Came across something interesting today that might catch out other newbies like myself, and thought I’d post it here:

After playing with LWJGL, OpenGL and GLSL, I’ve got into the habit of slapping an ‘f’ on the end of every floating point number, including in my vert and frag shaders (i.e. 0.8f, 3f etc.). This doesn’t appear to be a problem with normal OpenGL.

However today I started toying with OpenGL ES 2.0 shaders on Android, and couldn’t get my shaders to compile. After pulling my hair out and trying everything, I eventually discovered that it was the f’s on the end of my floats. I also found that floats must be explicitly defined with a decimal point, or once again the shaders won’t compile (i.e. 1 must be written as 1.0).

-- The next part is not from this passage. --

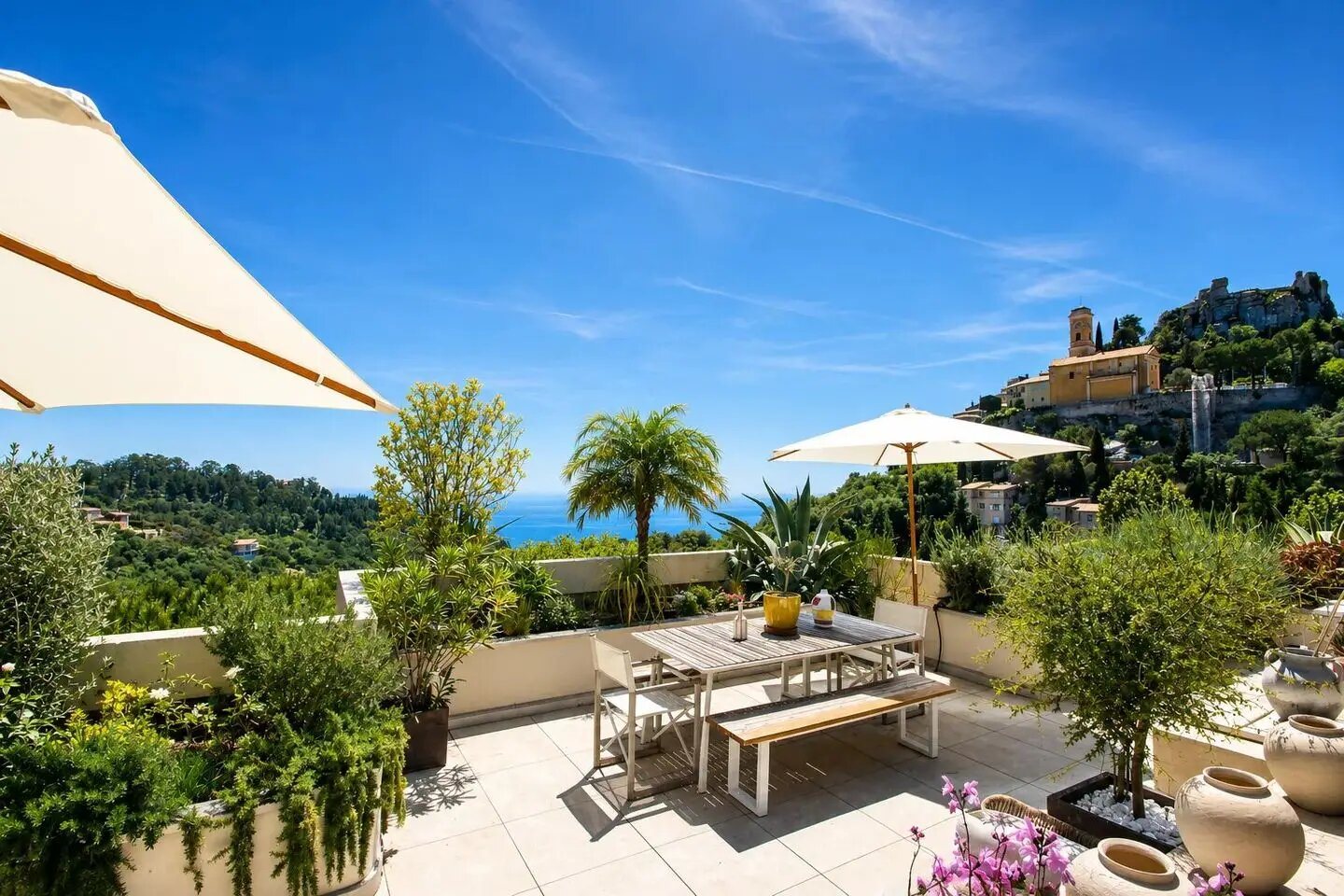 Appartement à louer, 131m², Eze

So there ya have it. I’m sure it’s in a reference or a tutorial somewhere, but I’ve yet to pay attention and notice it.

Cheers,
nerb.

The default version of GLSL (version 110) doesn’t support implicit float casting. You need to specify #version 120 at the top of your shaders for cross-platform code. Annoyingly, some drivers will just allow implicit floats regardless.

The default GLSL ES version (100) also doesn’t support implicit floats. I’m fairly sure the new ES version (300) supports them.

I should actually look into ES shader versions a bit more; I’m currently not using any version identifier in my code. I think I’ll stick with using the lowest common denominator, and make sure I define floats carefully; at least when using ES.

Anyway, cheers davedes. You seem to have a habit of coming up with the goods in OpenGL posts.